Même en admettant que le processus de certification soit bouclé d’ici la fin de l’année, le DEP sera encore loin d’être mis en œuvre partout – le projet est bien trop complexe. Les grands projets du domaine de la santé font face aux mêmes difficultés que ceux d’autres secteurs d’activité et ont les mêmes chances de ne pas aboutir2. Il y a toutefois plusieurs points essentiels sur lesquels la santé fait exception: le déploiement de projets TIC dans ce secteur exige des standards d’interopérabilité et une terminologie clairement définis, ainsi que le respect d’une série d’exigences légales. De plus, les systèmes doivent être suffisamment modulables pour pouvoir être utilisés par une diversité d’organisations, du cabinet individuel aux grands réseaux de soins intégrés. Dans l’idéal, ils améliorent les processus de travail, réduisent les coûts et améliorent la qualité des prestations sans entraver les modes de communication et de collaboration éprouvés.
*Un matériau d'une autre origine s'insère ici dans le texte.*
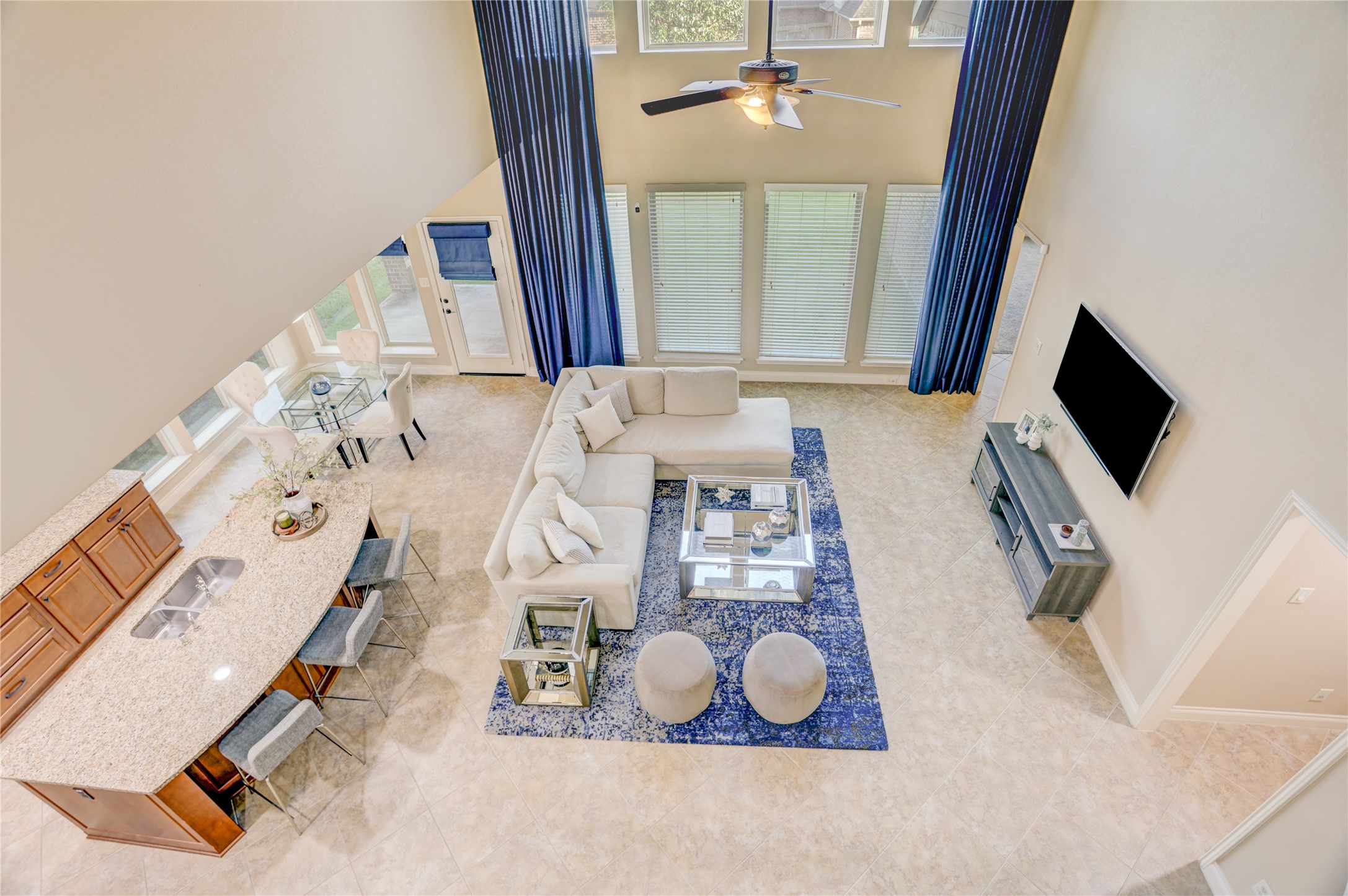 An impressive bird's-eye view showcases the home's dramatic two-story family room, open-concept layout, and seamless flow between the kitchen, breakfast area, and living space. Soaring ceilings and expansive windows fill the home with natural light, creating an inviting atmosphere for everyday living and entertaining.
A la base de la réussite de tout grand projet national tel que le dossier électronique du patient, on trouve in­variablement une synergie positive entre des facteurs d’ordre organisationnel, comportemental, cognitif et social [2]. Il faut déterminer à un stade précoce qui va fixer les critères de «réussite» et à quel stade on va vérifier si ces critères sont remplis. La réussite se mesure dans plusieurs dimensions, dont l’amélioration de la qualité des informations et du système, la généralisation dudit système et les répercussions aux niveaux ­individuel et organisationnel [3]. Dans le cas du DEP, il apparaît clairement que dans la phase actuelle, la réussite se mesure essentiellement à l’aune de la mise en œuvre technique et du nombre des communautés de référence certifiées.
Au niveau individuel, les questions que les médecins se posent en lien avec le DEP et son utilisation sont tout à fait différentes. Comment se présente concrètement l’accès aux dossiers avec une identification à deux facteurs dans un cabinet médical ou dans un hôpital, lors d’un changement de lit, de pièce ou de patient? Comment parcourir rapidement un dossier électronique pour trouver les informations pertinentes? Début juin, le groupe de travail de la FMH dédié au DEP, constitué de délégués des sociétés cantonales de médecine et de praticiens ­disposant de contacts étroits avec les communautés (de référence), s’est réuni une première fois autour de ces questions. Ce groupe de travail a pour tâche de coor­donner les activités des médecins du canton relatives au DEP ainsi que d’élaborer des prises de position et des pro­positions communes pour résoudre les difficultés se posan­t en lien avec son introduction. Une fois de plus, on constate que le numérique ne pourra s’imposer qu’avec l’aide et l’expérience des professionnels concernés. Et dans ce cas précis, ce sont les médecins.
1 Simanowski R. Die Corona-Krise pflügt unsere Gesellschaft um – und wenn es einen Gewinner gibt, dann ist es die digitale Welt. Neue Zürcher Zeitung [Internet]. 2020 Apr 20; Available from: https://www.nzz.ch/meinung/es-gibt-einen-sieger-in-der-corona-krise-die-digitale-welt-ld.1551064
2 Kaplan B, Harris-Salamone KD. Health IT Success and Failure: Recom­mendations from Literature and an AMIA Workshop. J Am Med Informatics Assoc. 2009.
3 Zozus MN, Penning M, Hammond WE. Factors impacting physician use of information charted by others. JAMIA Open. 2019.